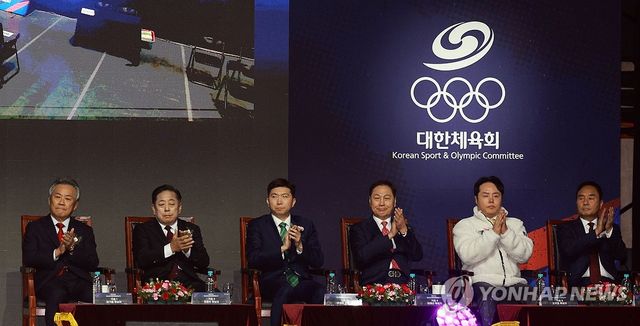 나란히 앉은 대한체육회장 후보자들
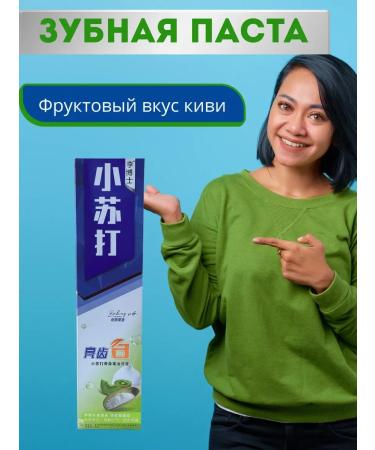 Meka03 Toothpaste with fruit taste
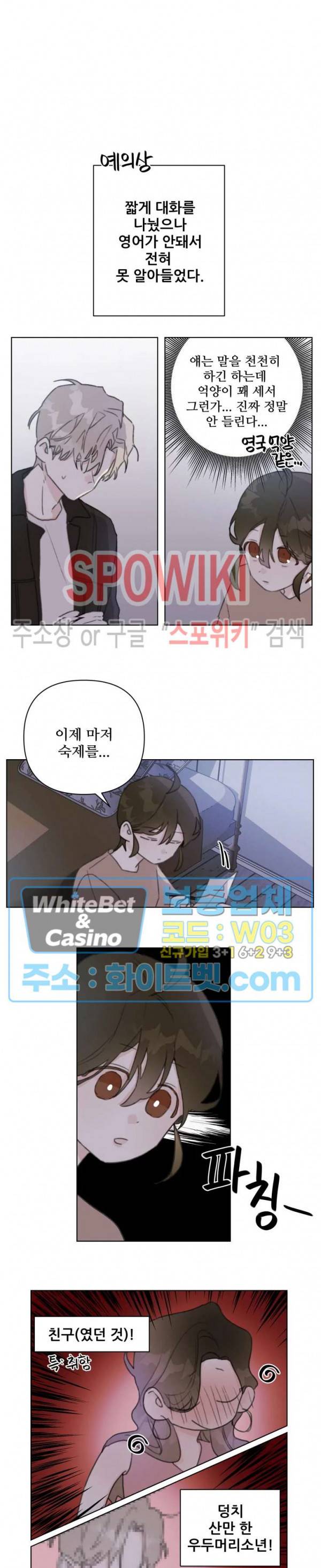 이게 하이틴 로맨스라고? 5화 3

§ Exercise objective: Print the data again, word for word, without any pictures.

§ Solution for this exercise:
 나란히 앉은 대한체육회장 후보자들
 Meka03 Toothpaste with fruit taste
 이게 하이틴 로맨스라고? 5화 3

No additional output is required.